:: SOURCE MATERIAL

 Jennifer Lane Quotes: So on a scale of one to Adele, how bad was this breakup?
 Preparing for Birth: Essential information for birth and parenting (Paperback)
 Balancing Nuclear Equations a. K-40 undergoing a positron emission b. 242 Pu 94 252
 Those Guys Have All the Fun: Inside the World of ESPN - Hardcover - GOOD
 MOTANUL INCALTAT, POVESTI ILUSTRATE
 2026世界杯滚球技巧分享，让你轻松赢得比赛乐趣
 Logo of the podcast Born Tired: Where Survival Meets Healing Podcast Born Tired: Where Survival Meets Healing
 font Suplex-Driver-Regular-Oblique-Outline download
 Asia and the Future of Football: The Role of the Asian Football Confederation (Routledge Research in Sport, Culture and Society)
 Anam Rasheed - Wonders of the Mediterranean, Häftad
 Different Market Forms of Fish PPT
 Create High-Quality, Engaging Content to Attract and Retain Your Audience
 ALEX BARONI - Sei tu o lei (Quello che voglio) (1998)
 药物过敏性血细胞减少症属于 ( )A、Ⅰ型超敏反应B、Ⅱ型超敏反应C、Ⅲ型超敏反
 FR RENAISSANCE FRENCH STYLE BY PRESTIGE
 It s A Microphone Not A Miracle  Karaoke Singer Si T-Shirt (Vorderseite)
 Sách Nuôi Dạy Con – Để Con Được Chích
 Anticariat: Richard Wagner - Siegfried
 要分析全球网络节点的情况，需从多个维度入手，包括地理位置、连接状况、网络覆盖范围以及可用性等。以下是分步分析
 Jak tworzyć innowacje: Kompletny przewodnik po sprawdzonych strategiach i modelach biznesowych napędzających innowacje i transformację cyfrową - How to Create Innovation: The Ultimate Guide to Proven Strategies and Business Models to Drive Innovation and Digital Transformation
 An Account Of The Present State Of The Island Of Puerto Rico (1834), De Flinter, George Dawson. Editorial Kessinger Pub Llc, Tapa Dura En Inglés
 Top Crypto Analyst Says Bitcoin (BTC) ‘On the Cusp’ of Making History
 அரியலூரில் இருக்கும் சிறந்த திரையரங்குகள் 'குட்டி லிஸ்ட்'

::::

ASSIGNED TASK: Lines that contain "Create" are to be copied from the records above.

SOLUTION TO THIS EXERCISE:
 Create High-Quality, Engaging Content to Attract and Retain Your Audience
 Jak tworzyć innowacje: Kompletny przewodnik po sprawdzonych strategiach i modelach biznesowych napędzających innowacje i transformację cyfrową - How to Create Innovation: The Ultimate Guide to Proven Strategies and Business Models to Drive Innovation and Digital Transformation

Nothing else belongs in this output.